Review: Beyond the Night

Reviewed by Jen
It’s 50 years in the future. And Earth has undergone a near-apocalypse.  Humanity’s numbers have dwindled –and there are killer zombies. OK, maybe not exactly zombies, but close enough; they’re called gangas.  And there are also sort-of immortal people called Strangers.  Thrust into this strange new world are five men from the past.  They were exploring an Arizona cave when the “Change” happened. And they went into some kind of stasis for five decades, waking only about 6 months before our story begins.  Now, they’re trying to find some kind of civilization and answers about what happened to the world.

One of the five men is Elliot. He is a doctor. And ever since the cave-thing, now he has some medical superpowers, where he can scan people like an MRI or something and heal them with his touch. Only problem is that he takes the illness onto himself or passes it on to the next person he touches.  Anyway, on their travels, the men run into a group of teens at the mercy of some gangas and they attempt to rescue them. But a mysterious woman also comes to their aid.  That woman is Jade. She has a tortured history that includes years of imprisonment and brutality at the hands of the Strangers.  Now she is part of the Resistance, fighting the mysterious immortals, that may or may not be to blame for Earth’s near destruction.
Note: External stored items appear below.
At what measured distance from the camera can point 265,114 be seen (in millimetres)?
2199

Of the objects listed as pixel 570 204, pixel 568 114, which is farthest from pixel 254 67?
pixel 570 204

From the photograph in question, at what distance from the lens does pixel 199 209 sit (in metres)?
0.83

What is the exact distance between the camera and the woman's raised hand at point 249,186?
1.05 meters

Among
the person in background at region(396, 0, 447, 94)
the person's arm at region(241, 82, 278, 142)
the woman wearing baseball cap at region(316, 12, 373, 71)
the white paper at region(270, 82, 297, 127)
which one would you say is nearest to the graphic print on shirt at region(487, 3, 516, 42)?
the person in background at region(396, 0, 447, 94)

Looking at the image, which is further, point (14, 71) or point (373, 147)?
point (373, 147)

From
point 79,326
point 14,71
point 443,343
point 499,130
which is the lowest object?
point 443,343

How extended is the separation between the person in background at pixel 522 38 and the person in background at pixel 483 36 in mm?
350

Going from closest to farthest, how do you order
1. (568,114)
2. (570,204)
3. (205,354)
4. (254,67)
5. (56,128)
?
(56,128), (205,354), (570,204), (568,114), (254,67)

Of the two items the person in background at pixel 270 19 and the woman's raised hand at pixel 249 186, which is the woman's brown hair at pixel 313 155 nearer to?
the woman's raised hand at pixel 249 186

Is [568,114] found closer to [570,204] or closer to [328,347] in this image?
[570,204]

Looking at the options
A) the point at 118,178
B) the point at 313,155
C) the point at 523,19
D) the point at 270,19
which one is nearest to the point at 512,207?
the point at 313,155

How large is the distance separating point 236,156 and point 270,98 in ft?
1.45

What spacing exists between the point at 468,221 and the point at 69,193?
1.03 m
Of course, Elliot and Jade are our star-crossed lovers. It takes awhile for them to get over their skittishness and seal the deal.  Their romance was ok. I’m not sure why, but it didn’t hit the mark entirely for me.  Frankly, I was more interested in what was happening with side-character Quent and a mysterious archer woman.  I’m sure they’ll get their own book down the line.

The premise of the story is interesting and unique.  But I felt like we spent a lot of time with pop culture references back to “our time” and angst from our cave-guys that didn’t completely resonate for me.  I liked it enough that I’ll check out the next installment.  Maybe once we’re past the set-up,  I’ll be able to make a deeper connection to the characters. 3 1/2 stars.